Daily Archives: October 6, 2008

‘The Great Game’ by Peter Hopkirk

1990, 524 p

The Great Game commences with an execution- that of Capt Charles Stoddart and Capt Arthur Conolly by the Emir Nasrulla Khan in Bokhara in 1842.  Ironically enough, it was Capt Conolly who coined the term “The Great Game” , later adopted by Rudyard Kipling, to describe the political, military and strategic manoevres in Central Asia. There are many such vignettes in this book of crazy-brave  explorers and adventurers, both Russian and British, who surveyed and fought over the remote but strategically crucial area of the ‘stans’ that separated Russia from India.

Although the book covers the nineteenth century, the book has a cyclical feel as one set of adventurers takes up the baton from the previous ones, and borders move northward then southward only to move northward yet again.  Taken from the long view, it is clear that the political parties in Britain had consistently different foreign policy approaches: the Tories were always Russo-phobic and more inclined to opt for a military solution while the Liberals or Whigs feared overstretch and preferred to work through treaties.  Likewise, there was an ongoing tussle between the military and the politicians for control of the agenda, in both Britain and Russia.
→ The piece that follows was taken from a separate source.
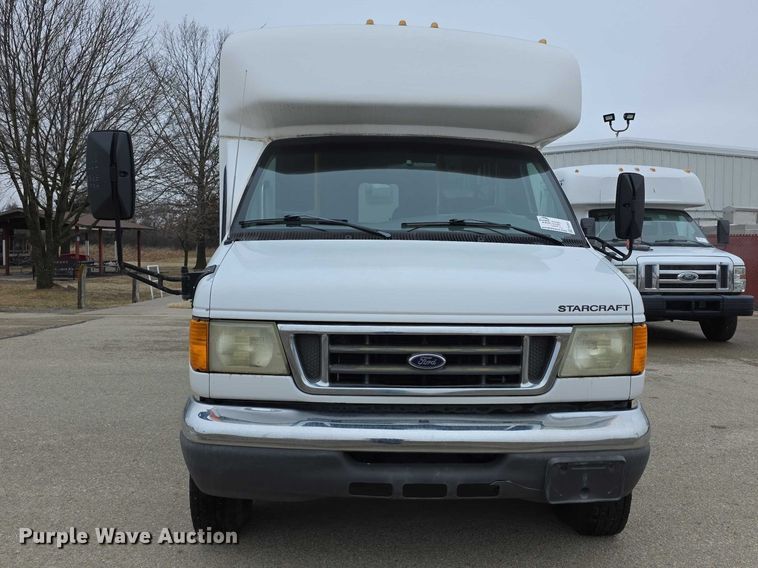 image for item FI0901 2006 Ford E350 super duty  shuttle bus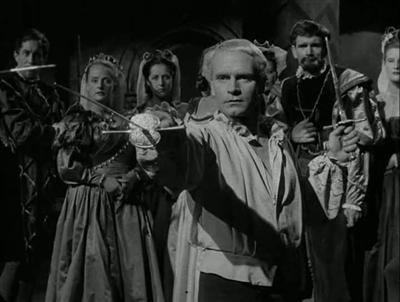 3.	Из фильма &laquo;Гамлет&raquo;, 1948. Лоуренс Оливье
Neither approach yielded a permanent solution or outright victor.

Hopkirk’s use of vignettes helps to tether our attention and emotional response on particular men and events in what is a relentless succession of campaigns.  His book is engagingly written, although I found his cliff-hanger questions at the end of each chapter rather tedious after a while.  Although he commenced the book being fairly evenhanded, by the end of the book the Russians were more clearly identified as “the enemy”, and he increasingly resorted to that dead, pompous military citation language that is used to describe “our” heroes.
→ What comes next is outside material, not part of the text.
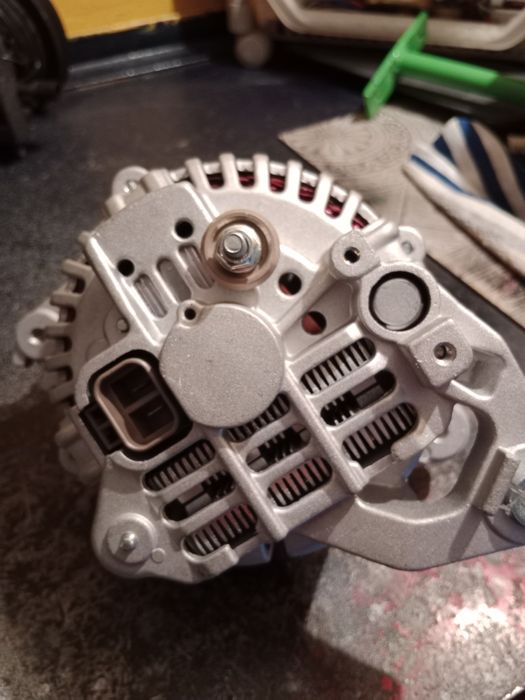 Генератор 12в новый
There were only three maps, but I found them indispensable and far more exhaustive than I would have imagined- almost without fail I could locate the positions he was describing.  I would have appreciated a 20th/21st century map superimposed over the 19th century one- although such a map would run the danger of being outdated, I suppose, as different countries assert their independence, as recent events in Georgia have shown.

I am left with the overwhelming impression that this is one wild place that is largely impervious to the designs that ‘great powers’ might have on it.  I think I’m with the UK envoy to Afghanistan, Sir Sherard Cowper-Coles (surely a name truly fitting for a Great Game player!) : this is a no-win situation.